If the election results were to reflect the advantage the opposition now enjoys in popular support, it would constitute a major turning point for that country. But that’s unlikely.

The comptroller-general, who is supposed to represent the citizens’ interests, but instead is a lackey of the president, has barred key opposition leaders from running for office. Among the disqualified candidates are political prisoner Leopoldo López, María Corina Machado, who was expelled from the National Assembly (the legislature) a couple of years ago, two former mayors—Daniel Ceballos and Vincenzo Scarano—and Pablo Pérez, the governor of the oil-rich state of Zulia. They are all facing trumped-up charges and will not be able to participate in elections for years.

The government also has changed the election rules, imposing an electoral quota for women, which will disqualify other candidates. The quota was announced one day after the opposition, which had formed a united coalition, made public its list of candidates in most assembly districts—all of whom had won credible primary elections. The regime doesn’t want any part of such a contest.

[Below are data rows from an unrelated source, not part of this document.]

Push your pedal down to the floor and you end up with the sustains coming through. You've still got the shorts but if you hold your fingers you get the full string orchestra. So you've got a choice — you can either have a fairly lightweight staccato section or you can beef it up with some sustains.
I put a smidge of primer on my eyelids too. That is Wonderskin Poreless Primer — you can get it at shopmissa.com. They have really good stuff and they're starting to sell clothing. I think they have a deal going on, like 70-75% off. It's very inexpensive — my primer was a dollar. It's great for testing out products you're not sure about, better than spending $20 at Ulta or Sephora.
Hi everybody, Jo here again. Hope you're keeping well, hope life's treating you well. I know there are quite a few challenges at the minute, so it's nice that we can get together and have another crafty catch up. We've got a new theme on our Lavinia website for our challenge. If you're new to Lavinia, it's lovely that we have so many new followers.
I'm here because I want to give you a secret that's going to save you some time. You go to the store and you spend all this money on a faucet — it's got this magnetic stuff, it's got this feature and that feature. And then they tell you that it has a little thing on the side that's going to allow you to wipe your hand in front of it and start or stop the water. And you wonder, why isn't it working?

The Maduro government also has turned down offers by several international organizations to send election observers. Maduro could not have marked his territory more clearly: “Venezuela will not be monitored by anyone.”

Diosdado Cabello, the National Assembly president who has been linked to drug trafficking, showed his contempt for such offers by throwing a letter from the president of the European Parliament, Martin Schulz, in the trashcan.

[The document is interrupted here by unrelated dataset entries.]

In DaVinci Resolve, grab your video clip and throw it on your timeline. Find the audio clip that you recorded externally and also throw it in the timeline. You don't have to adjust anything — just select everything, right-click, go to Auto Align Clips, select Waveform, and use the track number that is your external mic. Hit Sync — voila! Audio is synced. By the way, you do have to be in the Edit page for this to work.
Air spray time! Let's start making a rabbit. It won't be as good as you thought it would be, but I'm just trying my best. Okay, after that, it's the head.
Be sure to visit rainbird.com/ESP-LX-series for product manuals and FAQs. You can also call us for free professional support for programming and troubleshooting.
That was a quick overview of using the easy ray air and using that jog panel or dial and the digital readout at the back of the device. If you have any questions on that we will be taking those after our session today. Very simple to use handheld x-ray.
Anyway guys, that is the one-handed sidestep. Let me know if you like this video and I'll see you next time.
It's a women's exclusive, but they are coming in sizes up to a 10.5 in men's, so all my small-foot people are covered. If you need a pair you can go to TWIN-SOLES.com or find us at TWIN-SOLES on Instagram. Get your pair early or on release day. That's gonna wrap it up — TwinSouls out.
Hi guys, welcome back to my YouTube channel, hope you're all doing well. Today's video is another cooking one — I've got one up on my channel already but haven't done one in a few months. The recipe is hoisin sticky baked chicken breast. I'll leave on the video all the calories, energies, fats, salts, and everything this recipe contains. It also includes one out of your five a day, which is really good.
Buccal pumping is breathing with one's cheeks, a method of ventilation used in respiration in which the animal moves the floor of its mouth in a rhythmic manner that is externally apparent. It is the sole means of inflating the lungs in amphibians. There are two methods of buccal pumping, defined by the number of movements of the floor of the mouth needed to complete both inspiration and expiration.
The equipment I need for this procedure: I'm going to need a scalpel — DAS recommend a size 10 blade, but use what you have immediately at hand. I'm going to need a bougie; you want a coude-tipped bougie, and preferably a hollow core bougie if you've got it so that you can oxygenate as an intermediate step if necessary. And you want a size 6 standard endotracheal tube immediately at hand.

Elías Jaua, Venezuela’s minister of foreign affairs, has called the secretary-general of the Organization of American States (OAS), Luis Almagro, “a traitor” and “an enemy of Venezuela” for meeting opposition leader Henrique Capriles, who had traveled to Washington to request OAS observers.

In a preemptive move against Spain, which also has offered election assistance, Maduro launched a personal attack on Prime Minister Mariano Rajoy for his support of the EU’s tough rescue package for Greece, calling him a “hitman” and a “thug.” Almagro, who Venezuela had supported earlier this year when he ran for the OAS post, was called even worse.

Maduro and his cronies in the National Assembly know two things. First, they know they will lose a free election. Datanálisis, a respected polling organization, has predicted that the opposition likely will win twice as many assembly seats as the “Chavistas” in a free election. Maduro also knows, however, that the international community can’t do more than it already has to assure such an election.

How the Venezuelan government operates is no secret. It has been exposed and denounced by virtually every legitimate human- and political-rights organization that exists, from the UN Human Rights Council’s Working Group on Arbitrary Detention and the Inter-American Human Rights Commission to Human Rights Watch—all to no avail.

It hasn’t helped because Maduro’s simple strategy—the same strategy used by his long-time mentor, the late Hugo Chavez—is to defy the world at all cost, with help from Cuba, which knows a thing or two about political longevity.

Venezuela’s election, therefore, should not be seen as a decisive moment in the struggle for freedom. The outcome is being rigged even as I write this.

Nevertheless, it is an election worth fighting, so long as the opposition and the international community understand that it is an important step in the long march towards liberty.